Months ago I met my good friend Jim at Avoca, my favorite coffee shop in Fort Worth, and we chatted about that time he road across America. (Jim’s answers have been paraphrased because Lewis lost the recording of the conversation and Clark is lousy at taking notes)

Jim retired in 2008 and decided the best way to celebrate would be to cycle cross-country. He went with a group from Adventure Cycling Association from San Diego to St. Augustine, Florida. The group did a self contained trip, hauling all of their camping equipment, clothes, gear, etc. There was one leader that handed out maps and organized the groups accommodations, but other than that, the riders did all of the work themselves. There were 15 riders ages 20-71. At the end of each day’s ride two people had dinner duty which involved cycling to the store to buy food for the group and then preparing dinner and breakfast.  Jim said he wanted to do the southern-tier of the states because of the varied terrain. They cycled through mountains, deserts, forests, swamps and everything in-between. The trip was 65 days. 56 days were spent riding and the others were rest/exploration days. It was common for Jim to be one of the first riders to complete each day’s ride. He said it wasn’t because he was the fastest, but because he left so early in the morning. ( I bet it’s also because he’s a pretty fit dude ) At one point the riders experienced ten 100 degree days in a row! He mentioned hardly seeing one cloud in the sky during that period. It was also during that heat wave they lost one of the riders. I believe it was a gal from northern Europe that had a really hard time dealing with the heat and decided to fly home.  I asked Jim if there were any dangerous parts of the trip and he told me about the group attempting to out run a hurricane in Alabama. The storm was heading from the gulf to the shores of Alabama, but due to the way the hurricane winds rotate, the riders were forced to ride into a strong headwind. Jim was run off the road twice by angry drivers. People yelled out of cars at the cyclists to get off the road, not realizing they had no choice. I’d like to remind everyone when things get bad, we need to be at our best. If you ever see a cyclist out in the elements, it’s probably because they have to be there. ( or not. Either way. Be nice) Jim recommended a headlamp for camping, when I asked what piece of equipment he couldn’t do without. (I guess others were using bike lights or flashlights. Not so hands free) Jim also recommended Schwalbe Marathon Plus tires. He went from coast to coast with no flats!!!

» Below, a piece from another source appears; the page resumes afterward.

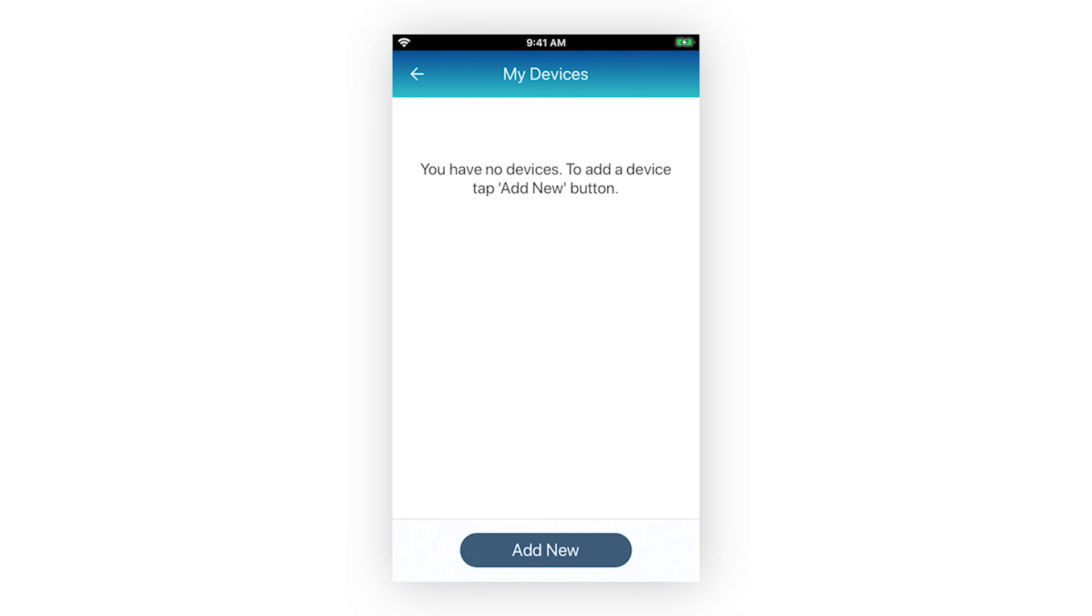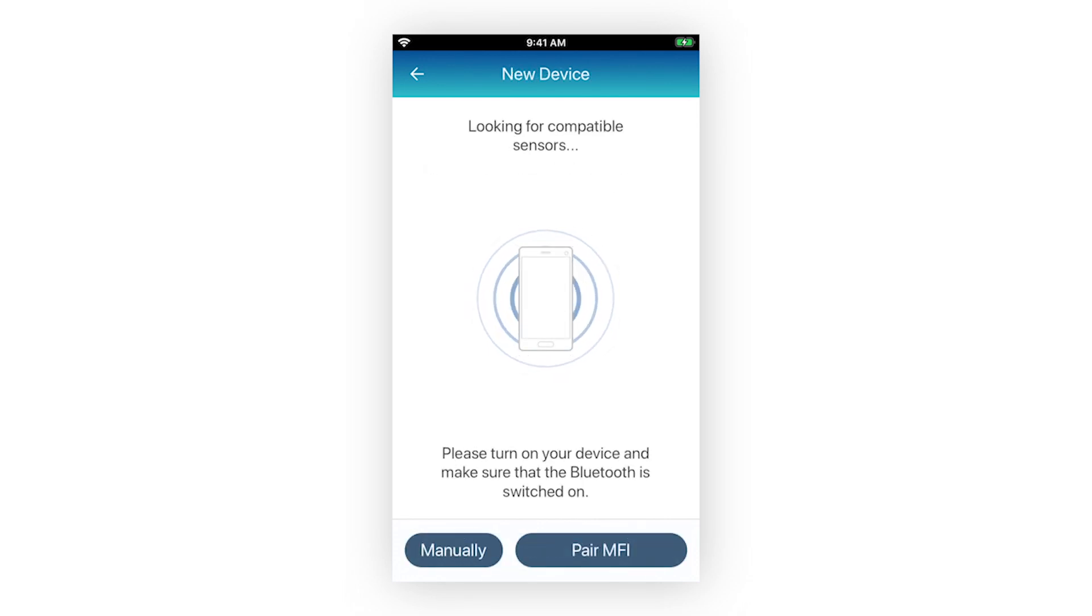Here, you can proceed with pairing your Bluetooth medical devices. Let's show an example. For this example, we will pair the iChoice pulse oximeter. On the My Devices screen, select the button Add New.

Jim worked for the Associated Press for may years. Check out a few shots of him in action.

Jim Peipert as an editor on The Associated Press World Desk, New York, circa 1969-1970

Jim changing film in Japan in the early 1970's.
Jim changing film in Japan in the early 1970’s.
Jim Peipert getting thwacked by a Chicago police officer, Michigan Avenue Bridge, on the night before the start of the Democratic National Convention, Chicago, 1968
Jim getting thwacked by a Chicago police officer, Michigan Avenue Bridge, on the night before the start of the Democratic National Convention, Chicago, 1968

Last week I cycled through Jim’s hometown of Alton, Illinois. He put me in contact with his sister and she graciously hosted me. I was treated to two feasts during my stay. Dinner had gooey butter cake for dessert. It’s a super tasty St. Louis treat! Jim called to give me directions from Alton to St. Louis and he also gave me a list of things to go see and do. I can’t wait to cycle through Fort Worth and meet Jim for a beer so we can about bike touring and Alton.

This is all that’s left of an old prison that once stood in Alton. It was used to house confederate soldiers during the civil war. Conditions were absolutely terrible and many soldiers passed away while there. They tore down the jail and used the bricks to build foundations of houses in the area. Lots of people have reported strange sights and sounds and there is a belief that the houses built with the old jail bricks are haunted.
This is the Piasa Bird of native American folklore. It was said to be able to devour men. This isn’t an the original painting. In 1673 Jacques Marquette and Louis Joliet saw the original and made note of it, but by the 1700’s it was no longer visible.